Who Do You Believe? Jean Valjean and the Amalekite

Les Miserables 1999

Les Miserables 1999 (Photo credit: Rick Payette)


My wife and I went on a date (admittedly a rare occurrence with four children) to see Les Misérables. It was a wonderful (at times depressing) musical film adaptation of the classic book by Victor Hugo (which I have never read). One of the things which struck me was the sense in which we are beholden to the story delivered by Jean Valjean. He tells of his reason for the nineteen years imprisonment (stealing bread for his sister’s son) as an inclusio (in the opening scene just before his release and again at the end just before he dies).

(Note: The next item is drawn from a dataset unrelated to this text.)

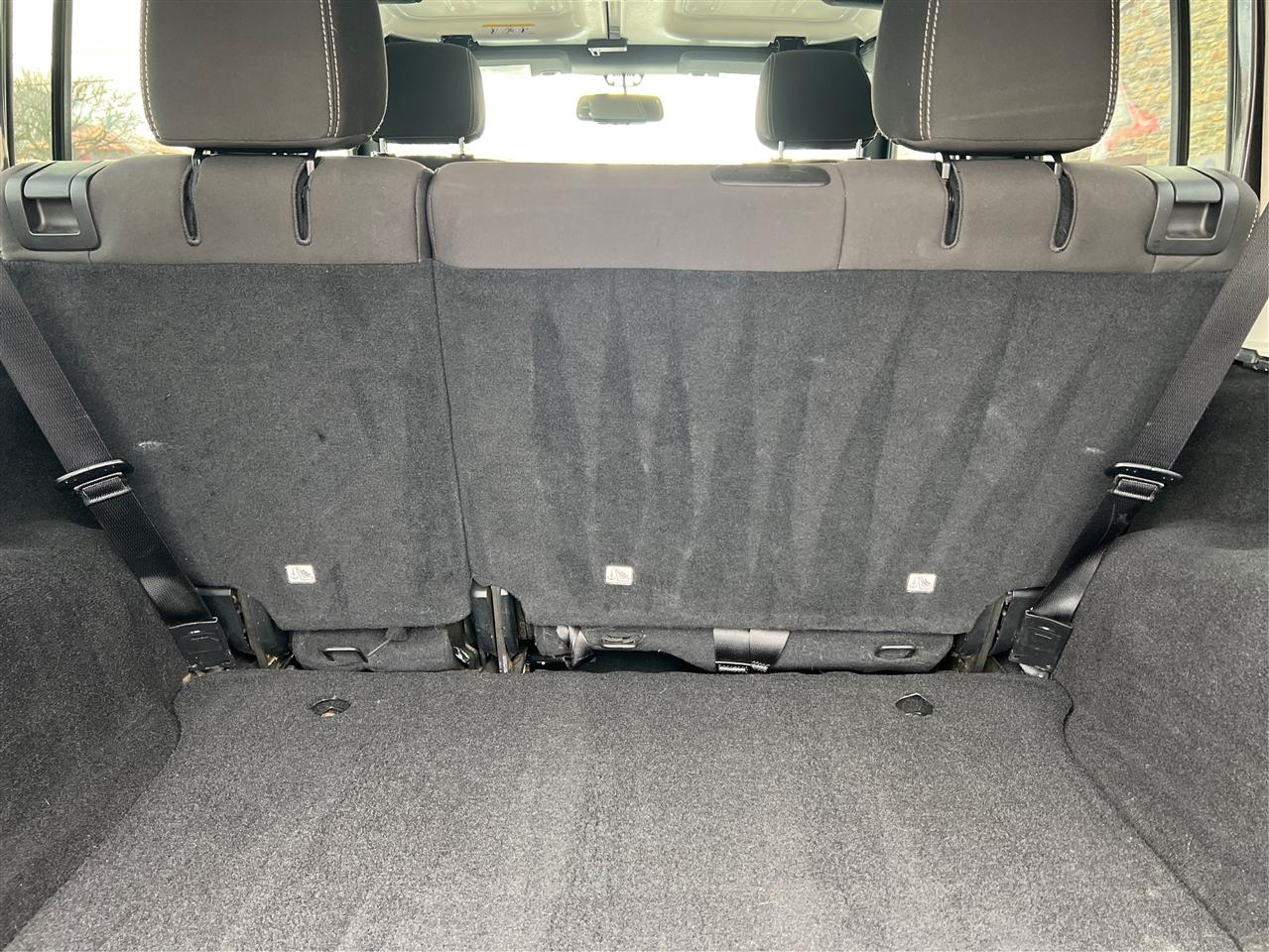 Jeep Wrangler Unlimited 4WD 4dr Sahara 2016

The question is: Can we take Jean Valjean at his word?  It is a literary technique to allow for ambiguity by keeping such significant claims in the mouth of the perpetrator.  After all, don’t most criminals have some form of justification that is claimed?  Should we believe this man who wants to assert his innocence?  As it turns out, we are never shown the actual incident.  There is no narrator who asserts this claim. Such things would actually validate the claims of Valjean, but as it stands (at least in the musical film adaptation…again…I haven’t read the book so I cannot say at all how it is presented by Victor Hugo) we are actually left to wonder if Valjean speaks the truth or not.  I want to believe him (he is the “hero” of the tale), but struggle to do so (he is also the man in need of constant redemption).

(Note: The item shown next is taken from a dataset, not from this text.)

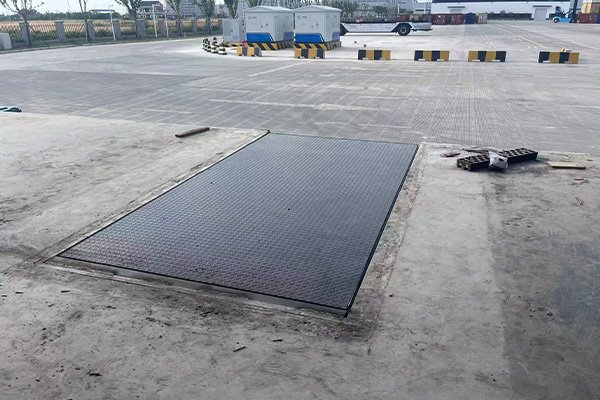 Loading Bay Equipment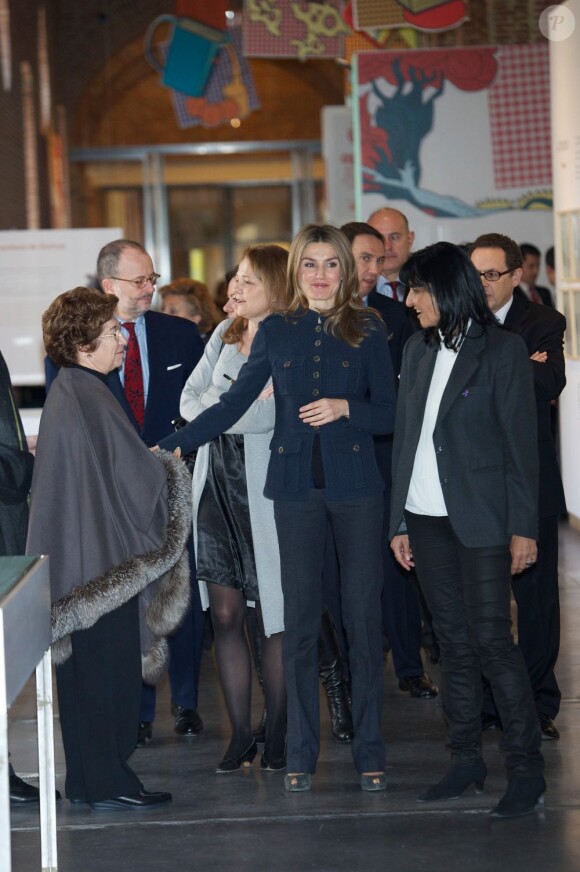 Letizia d'Espagne au 36e Salon du livre jeunesse de Madrid, le 21 décembre 2012.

This leads me to think of the account of Saul’s demise in 2 Sam. 1:1-16. In this account, we find an Amalekite who brings word to David that Saul is dead. He recounts a tale of Saul instructing to take his life so that the Philistines would not have the pleasure. As it stands, we might be bound to believe this account of the Amalekite (in fact, David does; vv. 14, 16). But the narrator in 1 Samuel 31:1-6 states that Saul tried to convince his own armor-bearer to finish him off, but in end falls on his sword to end his life to which the armor-bearer does likewise (vv.5-6).

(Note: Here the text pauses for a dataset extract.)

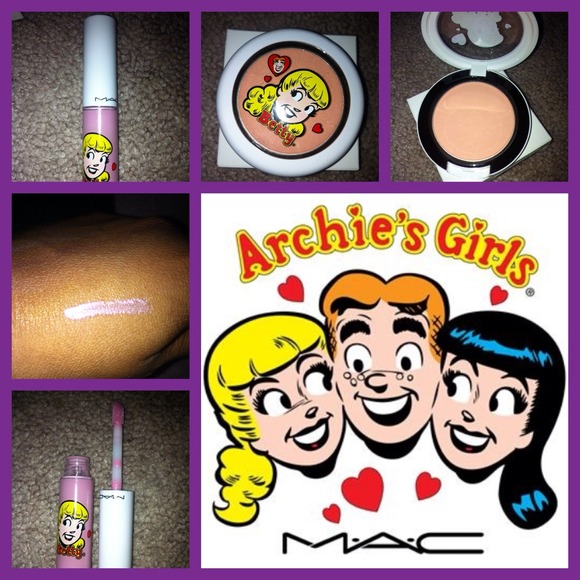 🚫🚫🚫🚫SOLD🚫🚫🚫Mac Lipglass & Blush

So which account should we believe?  The words of the narrator (1 Sam) or the character of the Amalekite (2 Sam)?  I personally think it is normal that one would accept the words of the narrator over any character given that the narrator typically asserts some sense of omniscience in all accounts. This is the conundrum of literary stylizing.  One cannot simply assume that all characters (particularly those painted in some way as untrustworthy–a criminal imprisoned for 19 years, an Amalekite) speak the truth. It is this ambiguity which actually helps to create a deeper sense of reality to the whole tale. We do not know the reality, but in the end it would not matter. In either case, we are led toward other matters more pressing: the redemption of Jean Valjean and the rise of David as king in the place of Saul and his sons.